* _DATA FOR THIS TASK_:
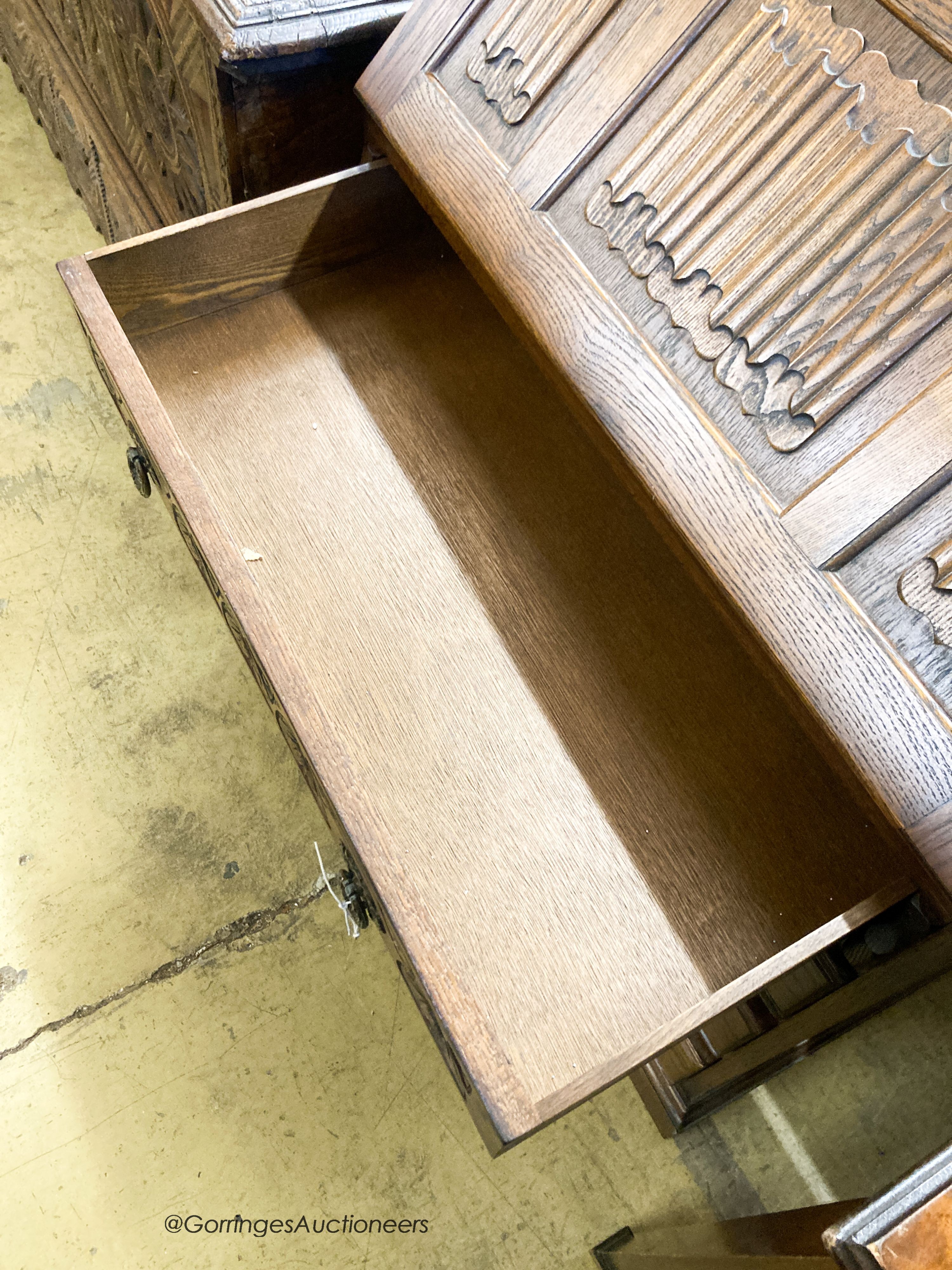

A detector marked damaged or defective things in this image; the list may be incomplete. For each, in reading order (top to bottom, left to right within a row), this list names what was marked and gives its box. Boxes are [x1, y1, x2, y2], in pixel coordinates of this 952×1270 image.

crack in concrete floor [0, 884, 330, 1062]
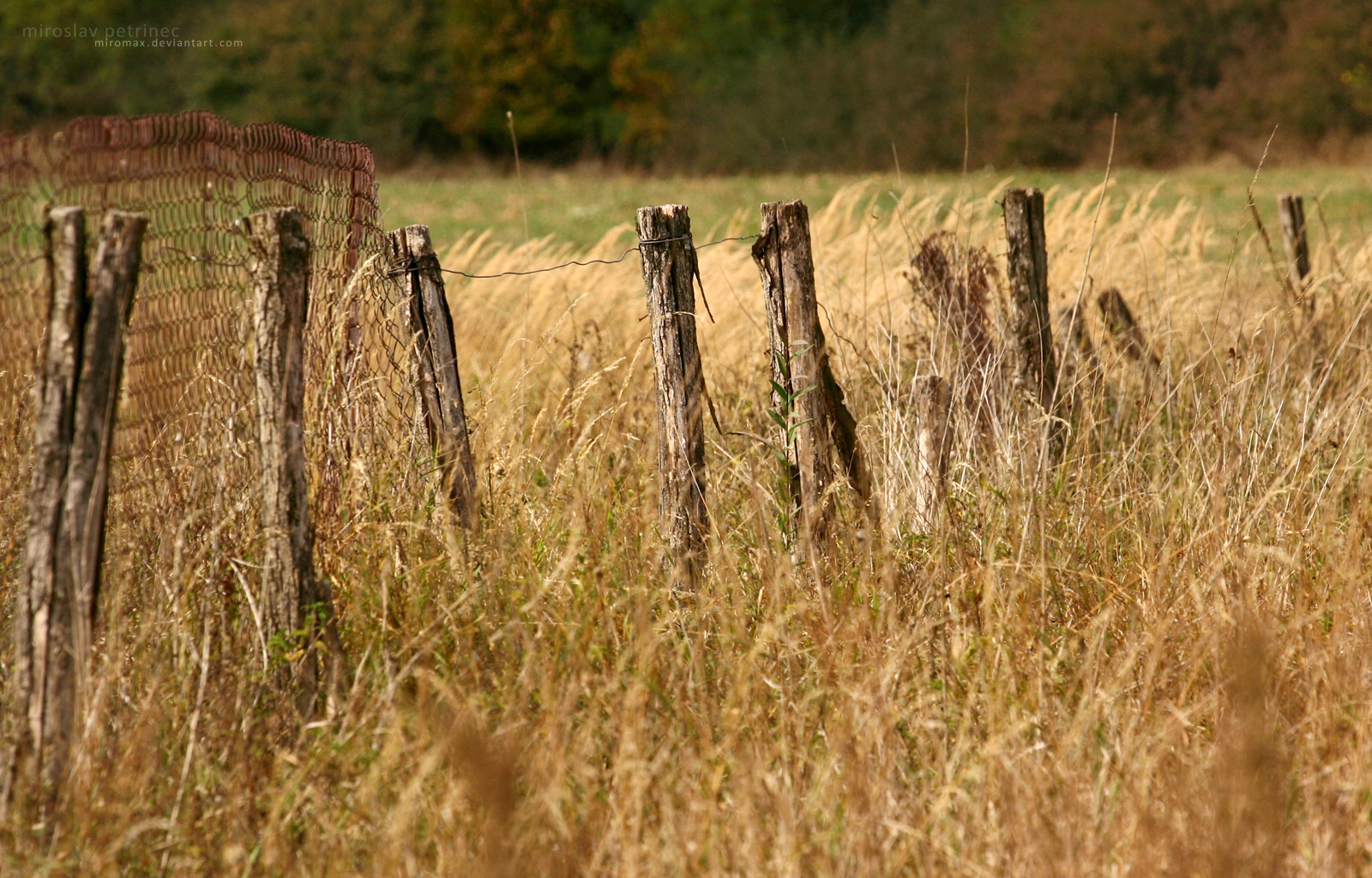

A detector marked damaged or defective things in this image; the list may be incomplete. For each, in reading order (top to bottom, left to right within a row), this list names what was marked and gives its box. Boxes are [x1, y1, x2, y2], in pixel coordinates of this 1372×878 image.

broken post stump [10, 207, 147, 817]
rusted wire mesh [0, 112, 400, 488]
rusty chain link fence [0, 113, 422, 518]
broken post stump [244, 208, 334, 719]
broken post stump [384, 225, 480, 526]
broken post stump [636, 204, 707, 581]
broken post stump [757, 197, 872, 549]
broken post stump [911, 373, 954, 532]
broken post stump [1004, 186, 1064, 460]
broken post stump [1279, 193, 1311, 293]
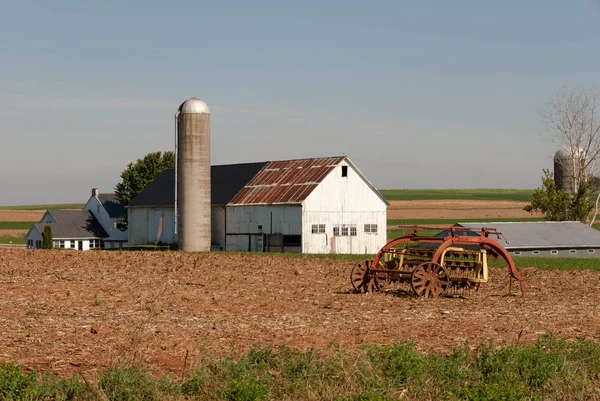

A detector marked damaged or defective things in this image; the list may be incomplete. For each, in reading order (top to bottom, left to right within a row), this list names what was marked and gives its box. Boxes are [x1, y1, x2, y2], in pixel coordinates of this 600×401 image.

rusty metal roof [230, 155, 344, 205]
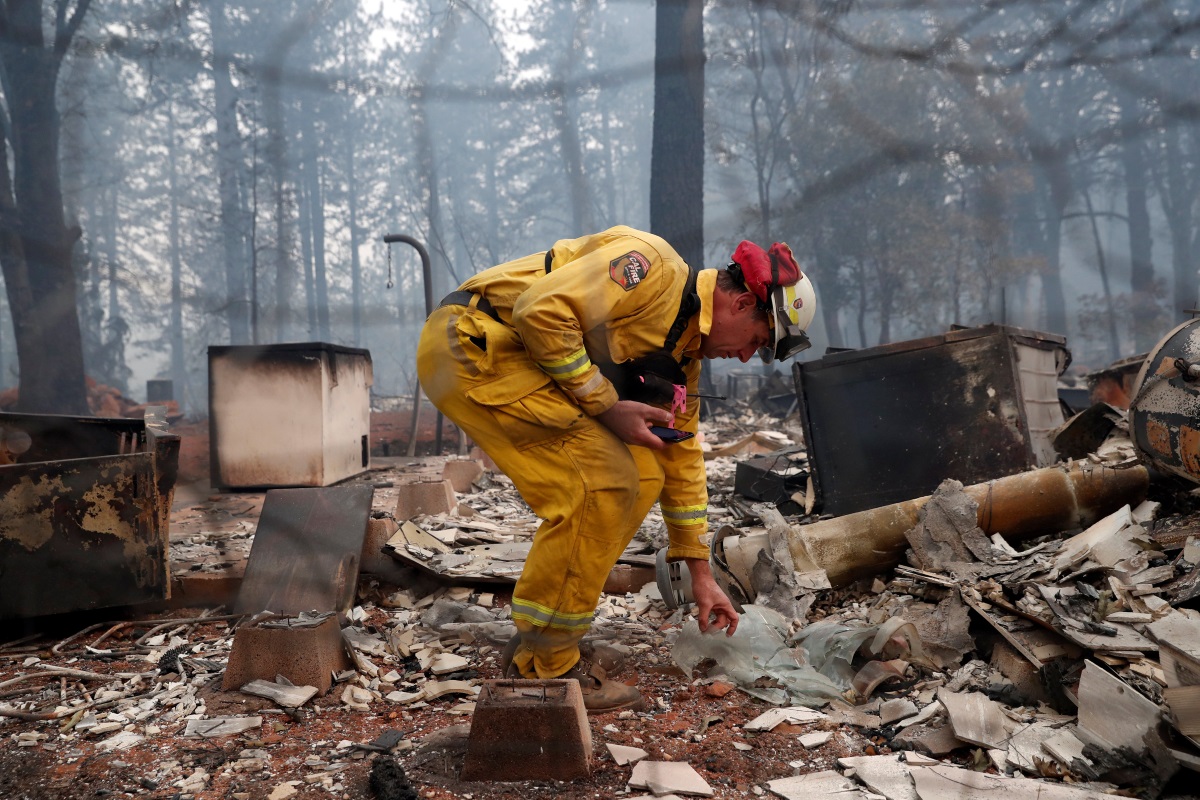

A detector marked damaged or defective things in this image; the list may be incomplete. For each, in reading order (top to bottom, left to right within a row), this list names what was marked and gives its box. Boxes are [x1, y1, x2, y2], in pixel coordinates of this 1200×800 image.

burnt metal box [208, 343, 372, 489]
charred metal cabinet [208, 343, 372, 489]
rusted metal panel [208, 343, 372, 489]
burned appliance [208, 343, 372, 491]
burnt metal box [796, 321, 1070, 515]
charred metal cabinet [796, 323, 1070, 515]
rusted metal panel [796, 326, 1070, 520]
burned appliance [796, 326, 1070, 520]
rusted metal panel [1128, 316, 1200, 482]
charred metal cabinet [0, 412, 177, 618]
rusted metal panel [0, 412, 177, 618]
burnt metal box [0, 410, 180, 623]
burned appliance [0, 410, 180, 623]
rusted metal panel [230, 489, 369, 614]
broken white tile [609, 743, 648, 767]
broken white tile [628, 762, 710, 796]
broken white tile [744, 710, 830, 734]
broken white tile [796, 734, 835, 753]
broken white tile [768, 767, 864, 800]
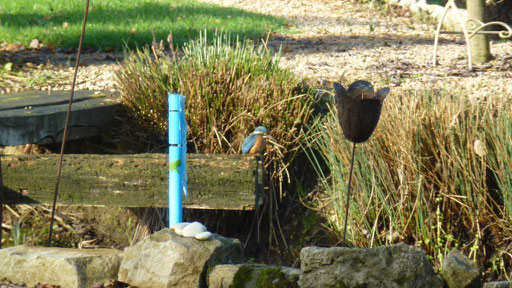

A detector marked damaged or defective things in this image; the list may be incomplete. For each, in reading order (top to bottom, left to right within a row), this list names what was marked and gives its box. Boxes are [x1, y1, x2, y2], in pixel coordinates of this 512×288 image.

rusty tulip-shaped ornament [334, 80, 390, 245]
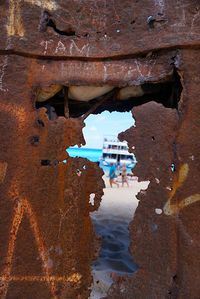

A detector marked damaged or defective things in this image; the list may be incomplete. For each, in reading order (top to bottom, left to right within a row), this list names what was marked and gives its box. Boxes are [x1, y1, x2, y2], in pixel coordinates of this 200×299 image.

rusted metal plate [0, 0, 200, 57]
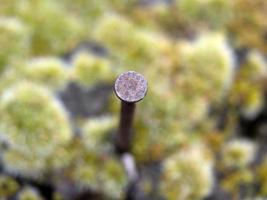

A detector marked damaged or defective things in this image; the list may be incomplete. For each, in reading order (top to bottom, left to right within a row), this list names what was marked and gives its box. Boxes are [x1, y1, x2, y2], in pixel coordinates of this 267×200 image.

rusty nail [114, 71, 149, 154]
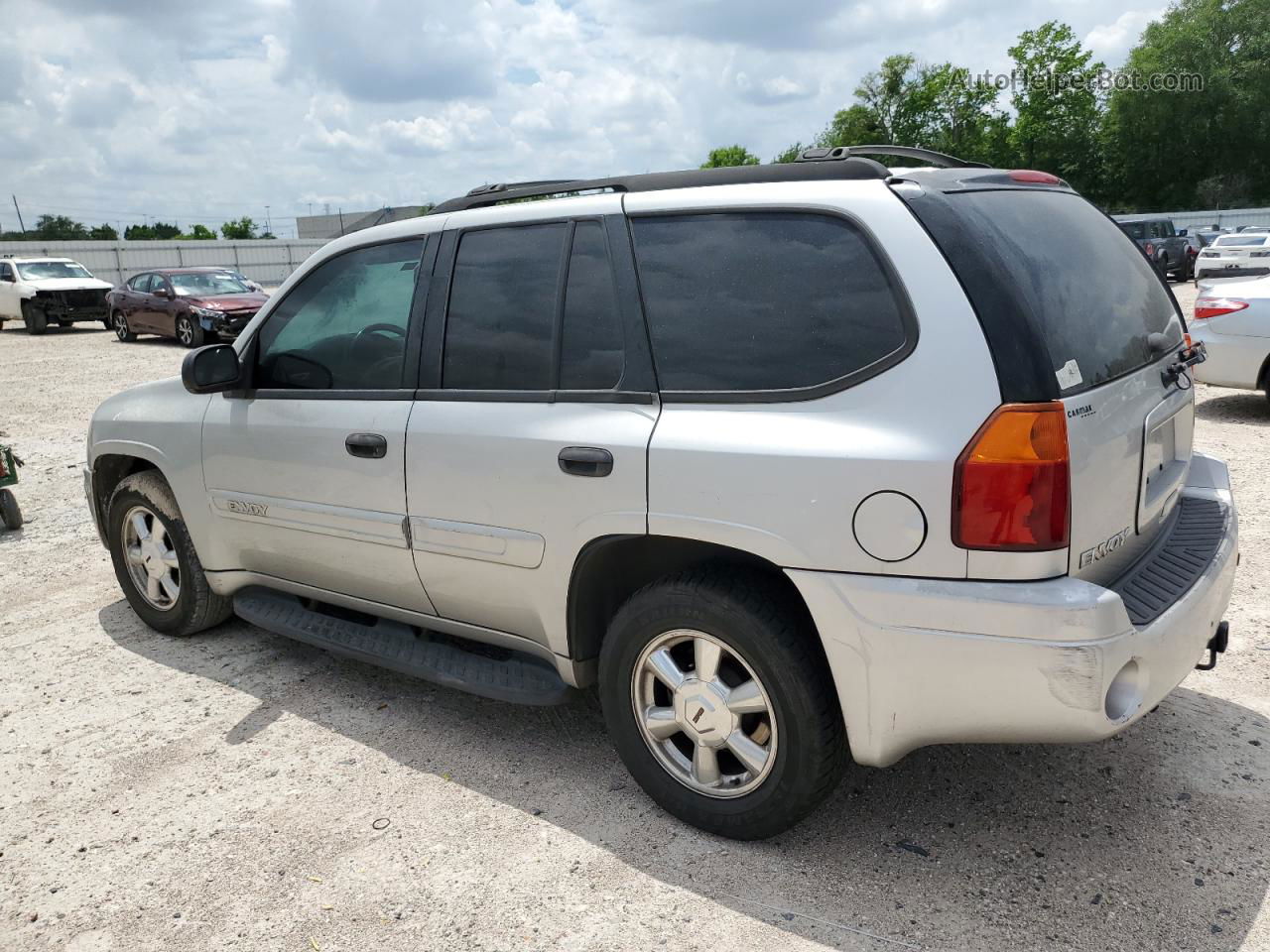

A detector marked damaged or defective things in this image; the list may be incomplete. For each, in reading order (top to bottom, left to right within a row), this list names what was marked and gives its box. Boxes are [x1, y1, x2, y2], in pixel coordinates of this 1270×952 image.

rear bumper damage [790, 452, 1238, 766]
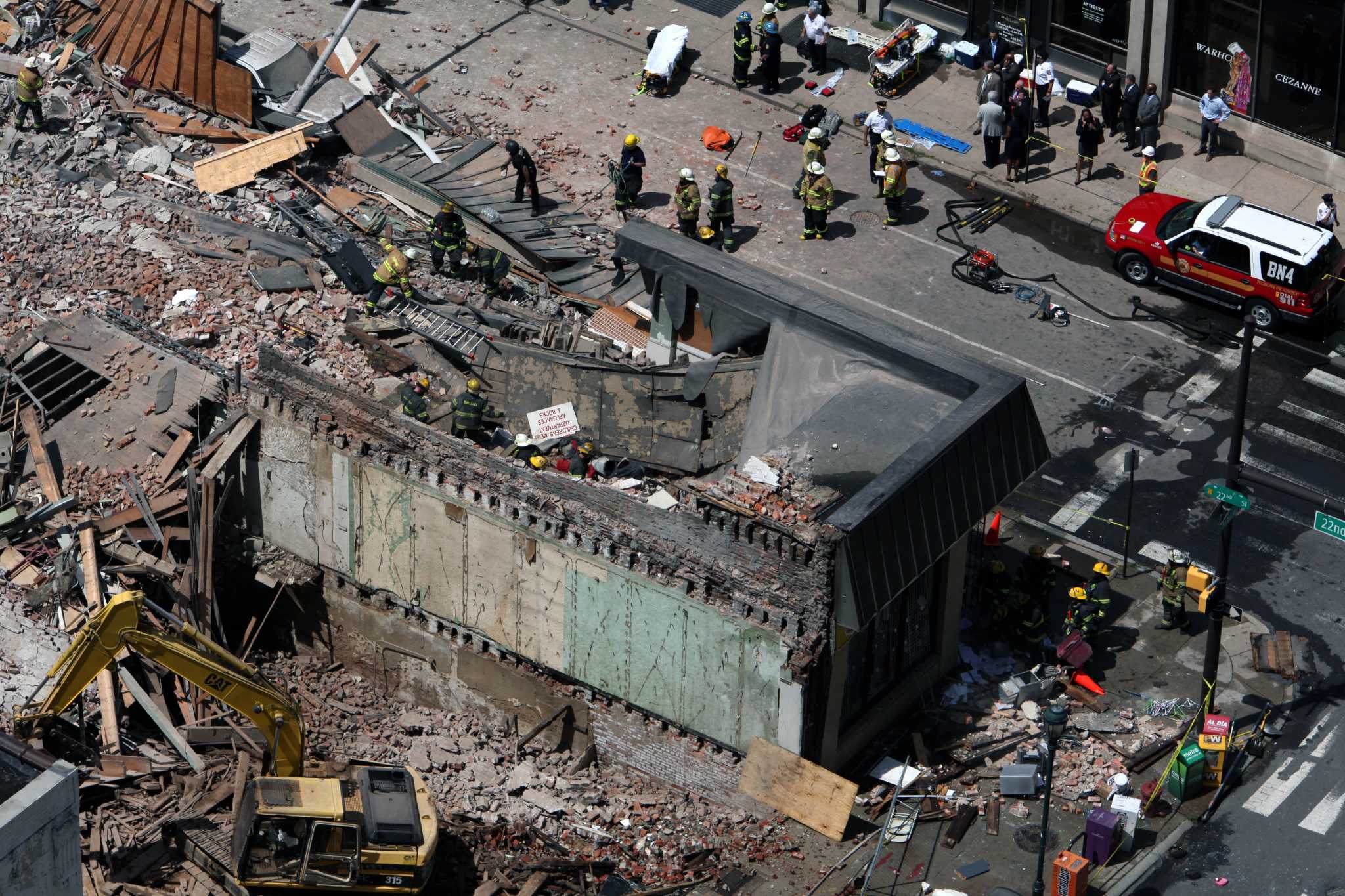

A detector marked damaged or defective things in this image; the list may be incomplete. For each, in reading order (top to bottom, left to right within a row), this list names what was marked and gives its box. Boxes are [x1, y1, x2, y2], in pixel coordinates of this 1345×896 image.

splintered wood plank [194, 123, 312, 193]
broken wooden beam [19, 406, 62, 505]
torn roof tarp [613, 217, 1049, 623]
splintered wood plank [737, 736, 860, 843]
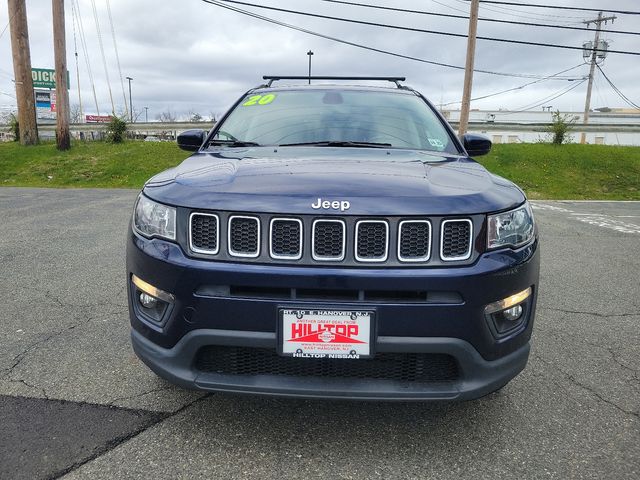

* _EXERCISE AIM_: Take the entries above and set them down exactly, minus the pictures.

* _YOUR RESPONSE_:
A detector marked damaged or defective things in this image; the list may be incomplete. For each, in reading order (top to bottom, left to right within a row), this list names what was marked and gives its box. Boxes are [x1, y1, x2, y2], in pixel coordinates of this 952×1270 image.

crack in concrete floor [0, 884, 330, 1062]

A detector marked damaged or defective things in this image; the list may be incomplete. For each, in reading order (top to bottom, left to right within a row), this list names what was marked and gives its box. Boxes are [x1, y1, x2, y2], in pixel coordinates of this 1372×878 image.

broken post stump [10, 207, 147, 817]
rusted wire mesh [0, 112, 400, 488]
rusty chain link fence [0, 113, 422, 518]
broken post stump [244, 208, 334, 719]
broken post stump [384, 225, 480, 526]
broken post stump [636, 204, 707, 581]
broken post stump [757, 197, 872, 549]
broken post stump [911, 373, 954, 532]
broken post stump [1004, 186, 1064, 460]
broken post stump [1279, 193, 1311, 293]

A detector marked damaged or defective things in this image; the list may be incomplete. For each, in reading order (top to bottom, left to right within a row), this list names what was marked and gives its box. Boxes are [x1, y1, x2, y2], in pixel coordinates of this 600×401 image.

rusty metal roof [230, 155, 344, 205]

A detector marked damaged or defective things in this image; the list may be incomplete. For each, in reading order (top to bottom, left to right within a row), this list names what was marked and gives its box. Boxes are [x1, y1, x2, y2], in pixel coordinates of this 1200×800 image.

burnt metal box [208, 343, 372, 489]
charred metal cabinet [208, 343, 372, 489]
rusted metal panel [208, 343, 372, 489]
burned appliance [208, 343, 372, 491]
burnt metal box [796, 321, 1070, 515]
charred metal cabinet [796, 323, 1070, 515]
rusted metal panel [796, 326, 1070, 520]
burned appliance [796, 326, 1070, 520]
rusted metal panel [1128, 316, 1200, 482]
charred metal cabinet [0, 412, 177, 618]
rusted metal panel [0, 412, 177, 618]
burnt metal box [0, 410, 180, 623]
burned appliance [0, 410, 180, 623]
rusted metal panel [230, 489, 369, 614]
broken white tile [609, 743, 648, 767]
broken white tile [628, 762, 710, 796]
broken white tile [744, 710, 830, 734]
broken white tile [796, 734, 835, 753]
broken white tile [768, 767, 864, 800]

A detector marked damaged or defective things in this image; the list may be incomplete. For each, in reading order (top to bottom, left to right within a row), this list names what was marked and gives its box. Boxes are [x1, y1, x2, y2], in pixel coordinates of this 512×288 image.

rusty tulip-shaped ornament [334, 80, 390, 245]

A detector marked damaged or defective things in this image; the list may be incomplete. For each, in reading order (top to bottom, left to right within a row), this list names what was marked and gives its box. Boxes are [x1, y1, x2, y2], in pixel coordinates of this 200×299 image.

rusted metal plate [0, 0, 200, 57]

A detector marked damaged or defective things in this image; the list may be incomplete. For each, in reading order (top to bottom, left to right within a row), this list names what was marked and gives its box. Boxes are [x1, y1, x2, y2], in pixel coordinates of this 267×200 image.

rusty nail [114, 71, 149, 154]

A detector marked damaged or defective things in this image; the list may be incomplete. For each, in reading order (top to bottom, left to right within a row), this list names what was marked and gives its box. Boxes are [x1, y1, x2, y2], in pixel coordinates of this 1270×952 image.

rear bumper damage [790, 452, 1238, 766]

A detector marked damaged or defective things in this image; the list may be incomplete. For each, in reading order (top to bottom, left to right within a row), this list names what was marked and gives its box. Boxes are [x1, y1, x2, y2], in pixel coordinates of this 1345×896 image.

splintered wood plank [194, 123, 312, 193]
broken wooden beam [19, 406, 62, 505]
torn roof tarp [613, 217, 1049, 623]
splintered wood plank [737, 736, 860, 843]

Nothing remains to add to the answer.